→ **Task**
Only the lines from the beginning of the data through the line holding "Irresistible Air Fryer" belong in the answer, printed exactly and without pictures.

(Source data begins)

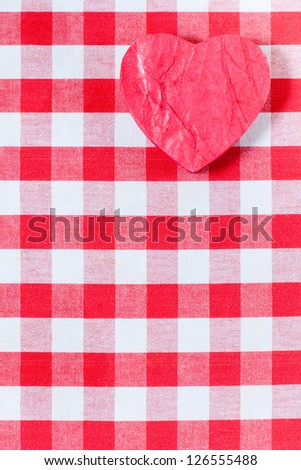 Valentine heart on checkered red and white tablecloth background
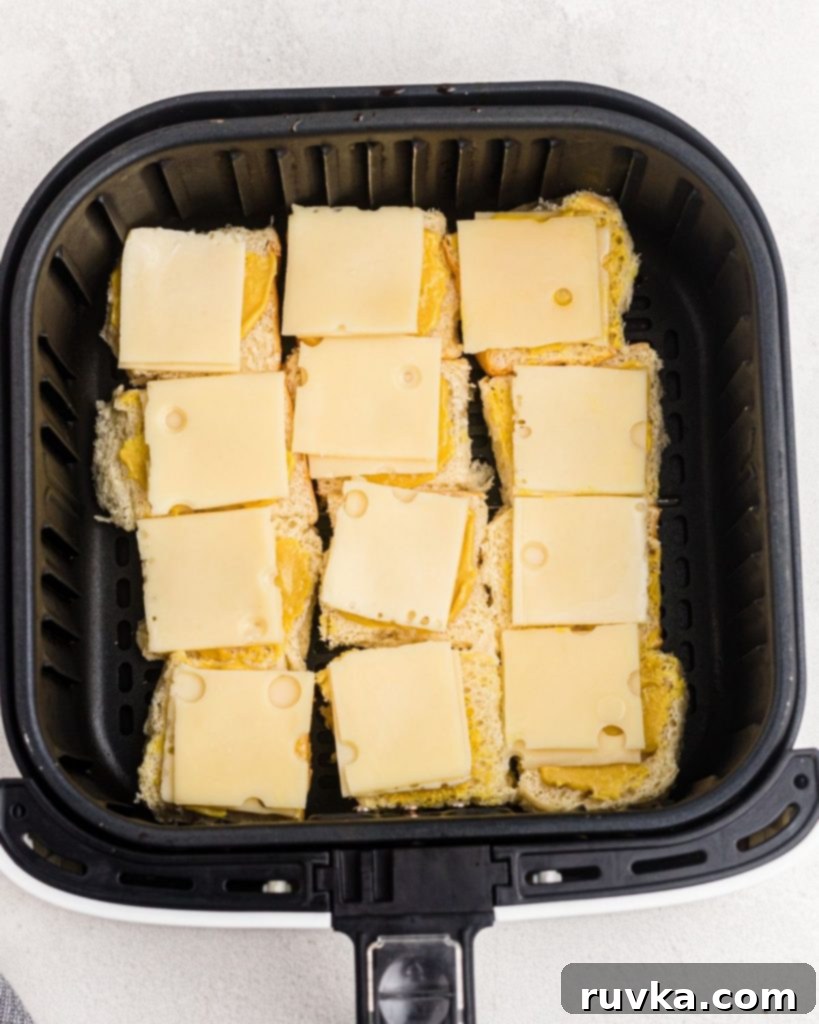 Irresistible Air Fryer Ham and Cheese Sliders 5 The bottom halves of Hawaiian rolls neatly arranged in an air fryer basket, topped with honey mustard and folded cheese slices, ready for the ham.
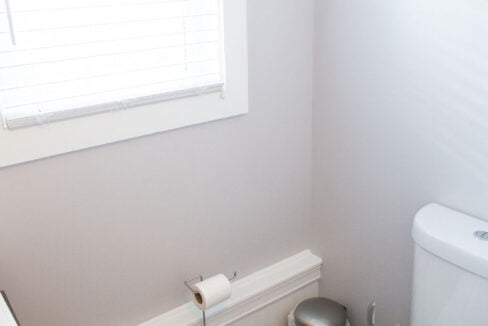 a white toilet sitting next to a window in a bathroom.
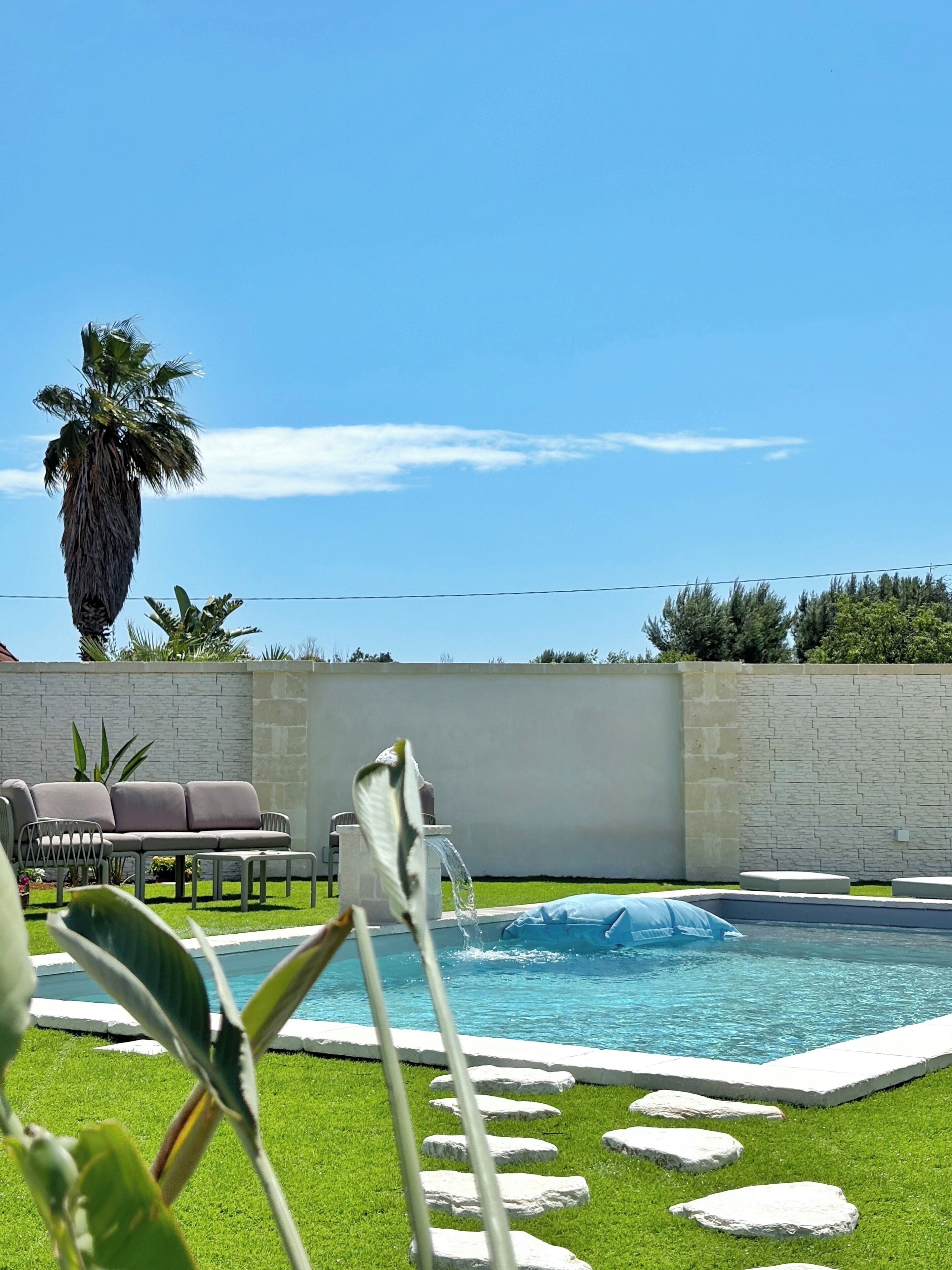 Ein Pool mit Steinrand, einer Palme und einer Steinmauer.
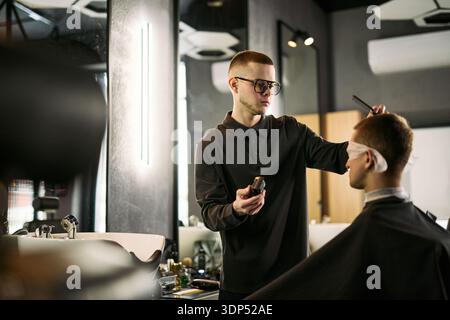 Young Caucasian man wearing glasses cutting hair of seated Caucasian man with beard in modern barbershop, holding electric clipper and comb while focusing on precise grooming Stock Photo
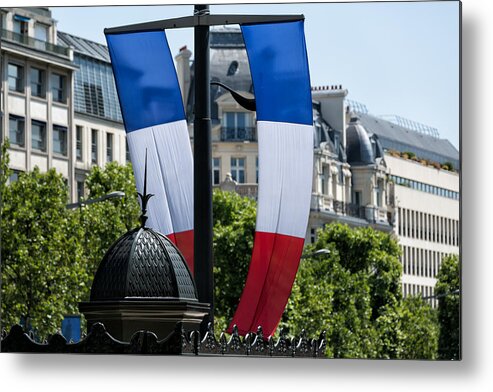Holiday Metal Print featuring the photograph French flag and typical Parisian rooftops in Champs-Elysées. by Jean-Marc PAYET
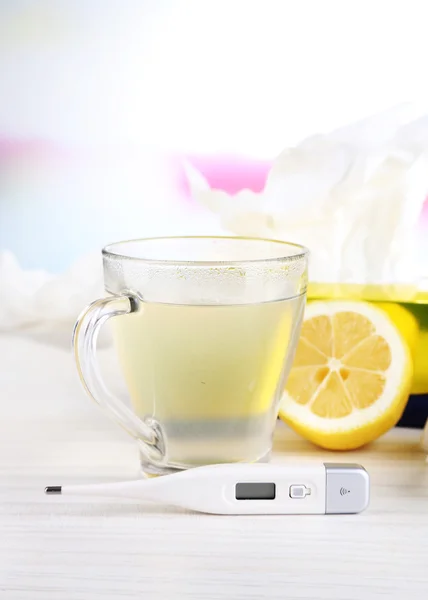 Heißer Tee gegen Erkältungen, Tabletten und Taschentücher auf Tisch vor hellem Hintergrund — Stockfoto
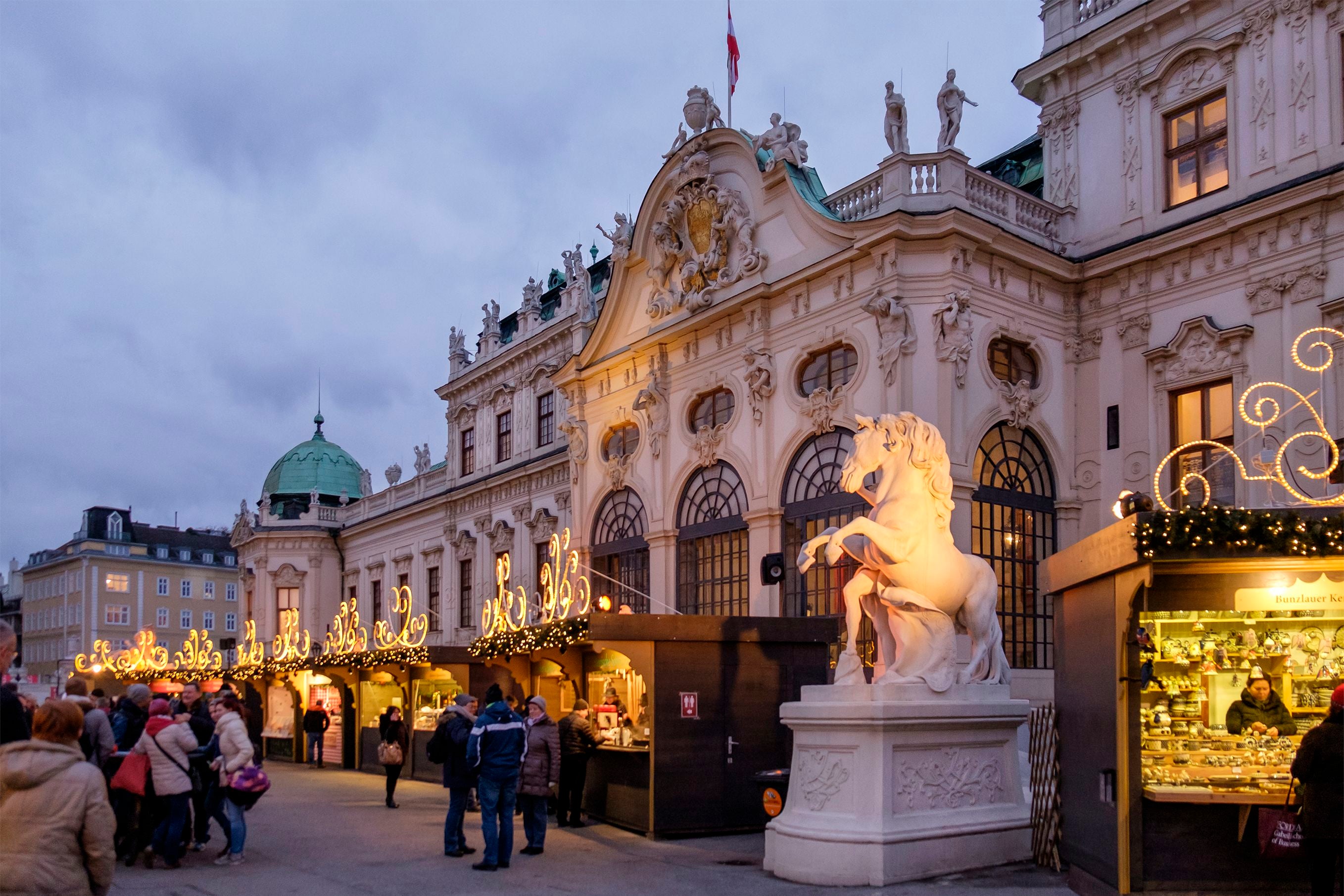 Menschen besuchen einen festlich beleuchteten Weihnachtsmarkt vor dem Belvedere in Wien.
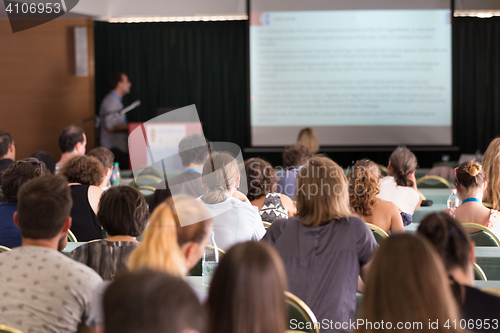 Image of Audience in lecture hall participating at business conference.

(Source data ends)

→ **Task response**
 Valentine heart on checkered red and white tablecloth background
 Irresistible Air Fryer Ham and Cheese Sliders 5 The bottom halves of Hawaiian rolls neatly arranged in an air fryer basket, topped with honey mustard and folded cheese slices, ready for the ham.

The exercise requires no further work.